What the task asks:
Write out the records that appear below, verbatim and complete, but without pictures.

====

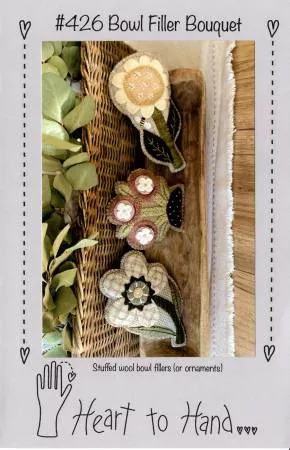PT W Heart to Hand Bowl Filler Bouquet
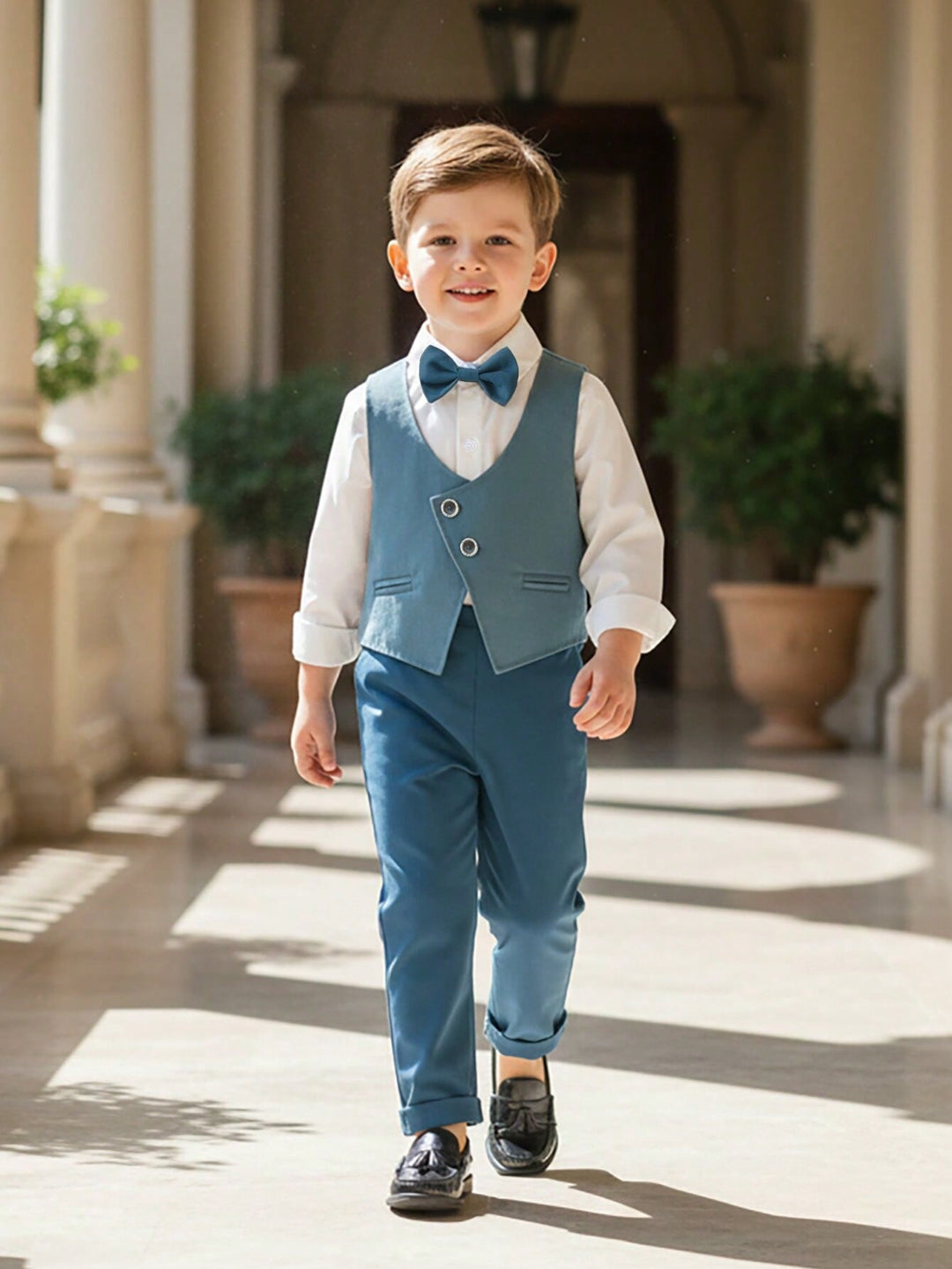 Costum SHEIN, albastru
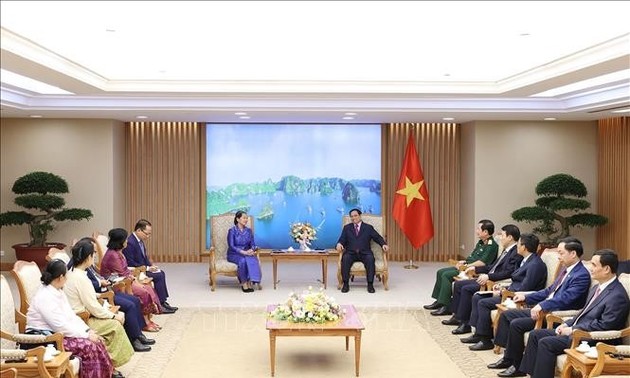 Verstärkung der umfassenden Zusammenarbeit zwischen Vietnam und Kambodscha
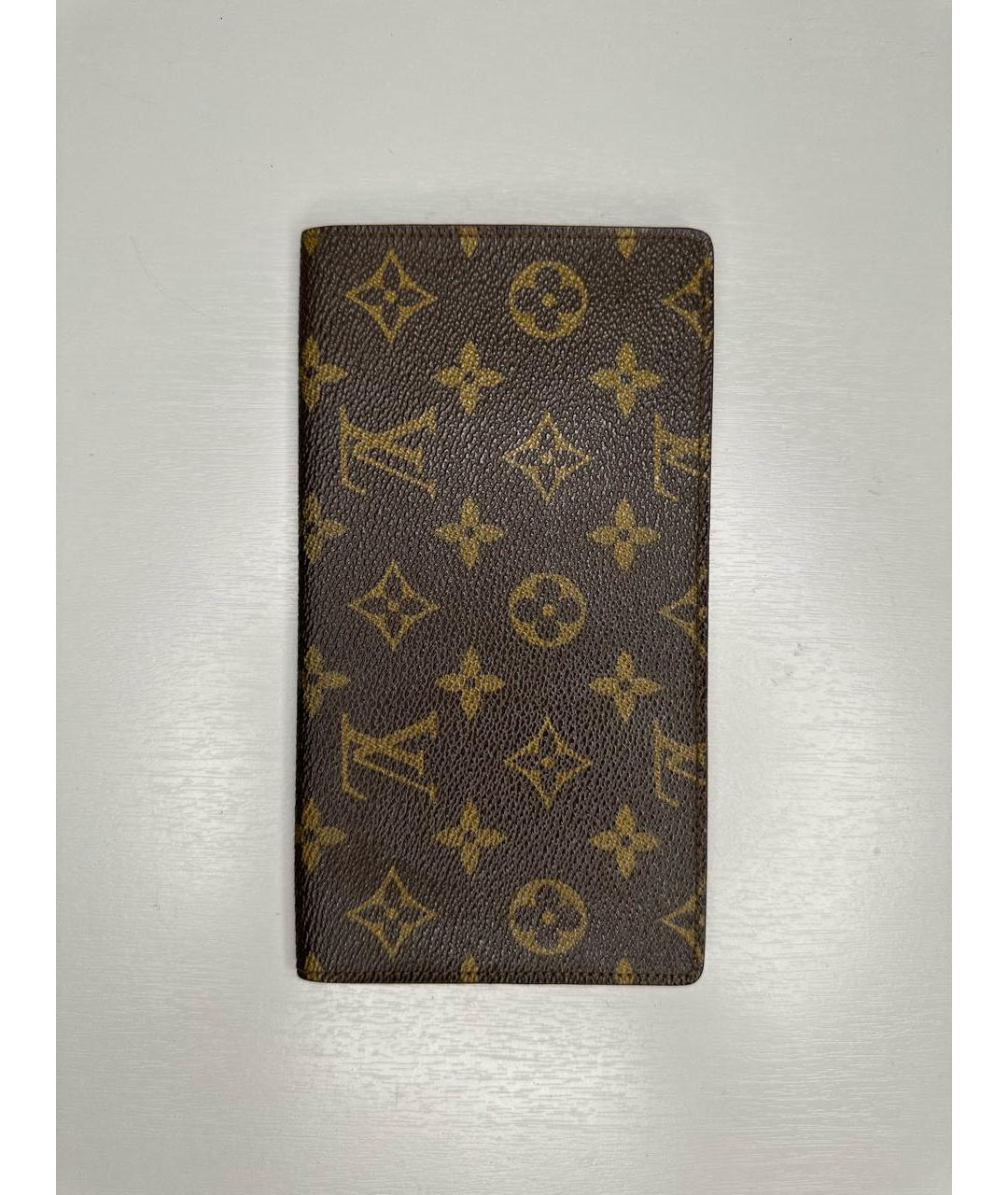 LOUIS VUITTON Коричневый кошелек, фото 6
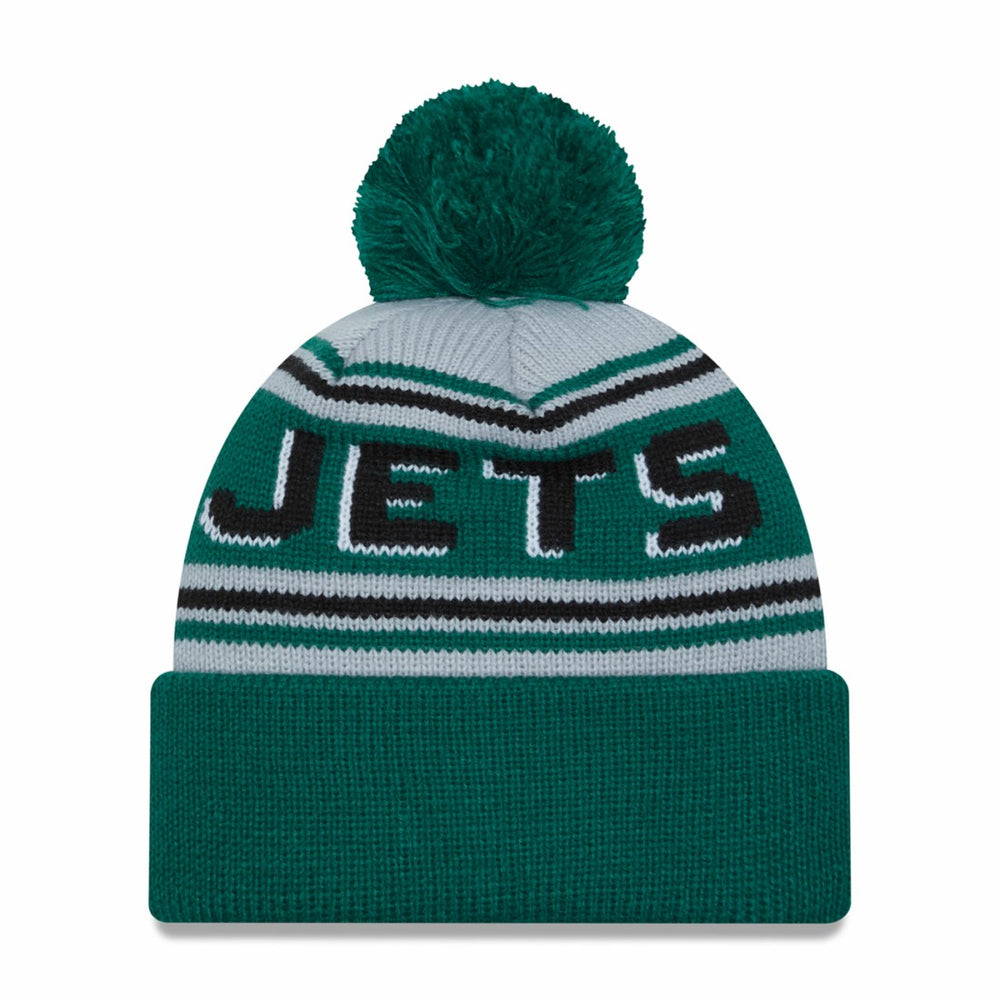 New York Jets New Era Main Cuffed Knit Hat with Pom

====

Your response:
PT W Heart to Hand Bowl Filler Bouquet
 Costum SHEIN, albastru
 Verstärkung der umfassenden Zusammenarbeit zwischen Vietnam und Kambodscha
 LOUIS VUITTON Коричневый кошелек, фото 6
 New York Jets New Era Main Cuffed Knit Hat with Pom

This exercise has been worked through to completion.